**Task**: Write every entry out again with no changes, and leave the images behind.
==== Input material
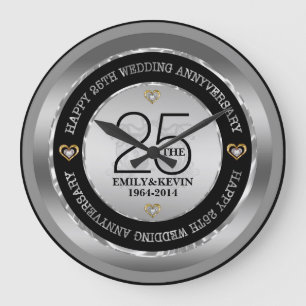 25th Wedding Anniversary Silver & Black Large Clock
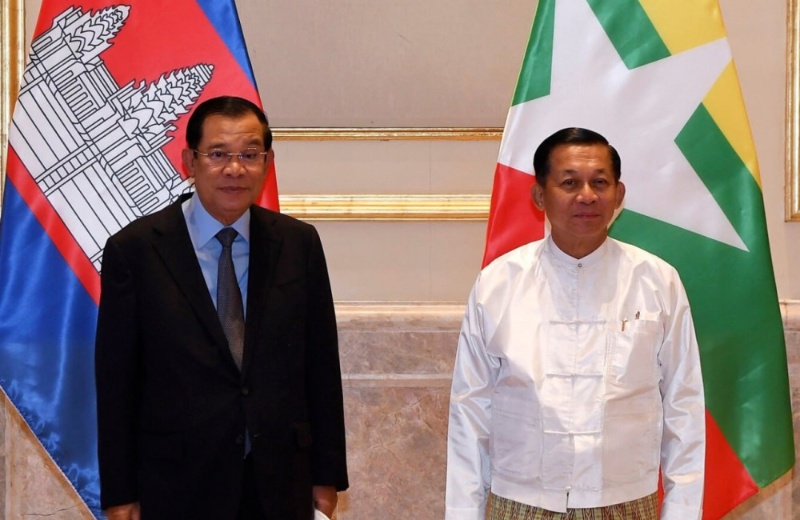 Myanmar Senior Gen. Min Aung Hlaing Sends Birthday Wishes to Hun Sen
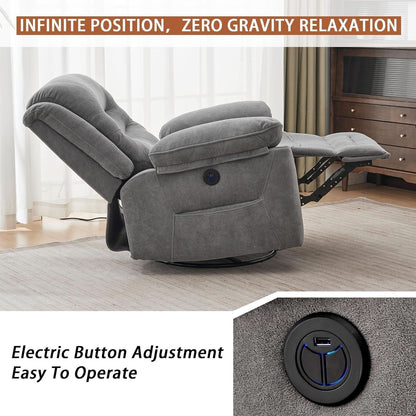 Grey Swivel Recliner With Massage And Heat Therapy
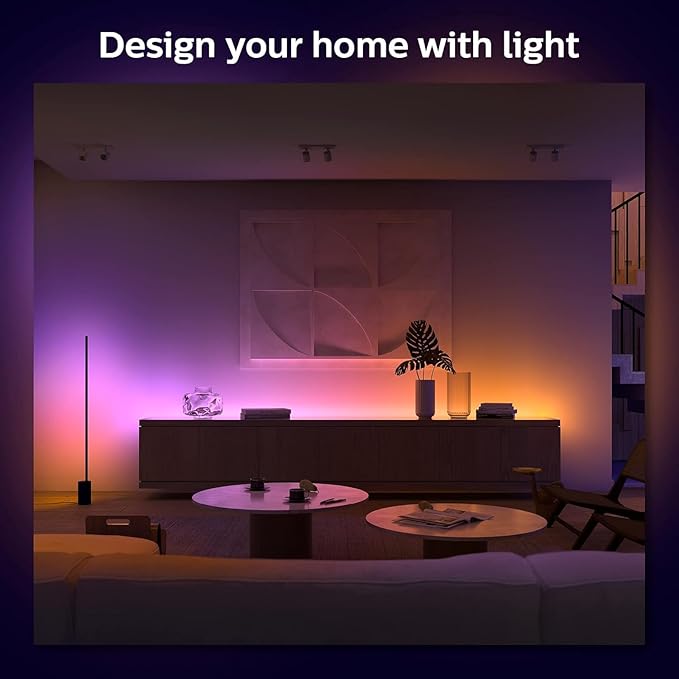 Philips Hue Indoor 6-Foot Smart LED Light Strip Base Kit with Plug - Flowing Multicolor Effect - 1 Pack - Control with Hue App - Works with Alexa, Google Assistant and Apple HomeKit PhilipsHue
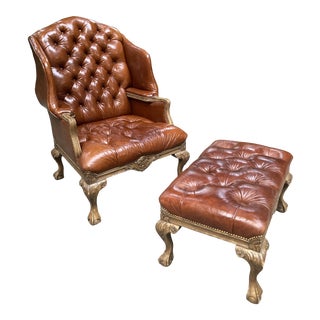 Maitland-Smith Cognac Leather Wingback and Ottoman For Sale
========
**Answer to the problem**:
 25th Wedding Anniversary Silver & Black Large Clock
 Myanmar Senior Gen. Min Aung Hlaing Sends Birthday Wishes to Hun Sen
 Grey Swivel Recliner With Massage And Heat Therapy
 Philips Hue Indoor 6-Foot Smart LED Light Strip Base Kit with Plug - Flowing Multicolor Effect - 1 Pack - Control with Hue App - Works with Alexa, Google Assistant and Apple HomeKit PhilipsHue
 Maitland-Smith Cognac Leather Wingback and Ottoman For Sale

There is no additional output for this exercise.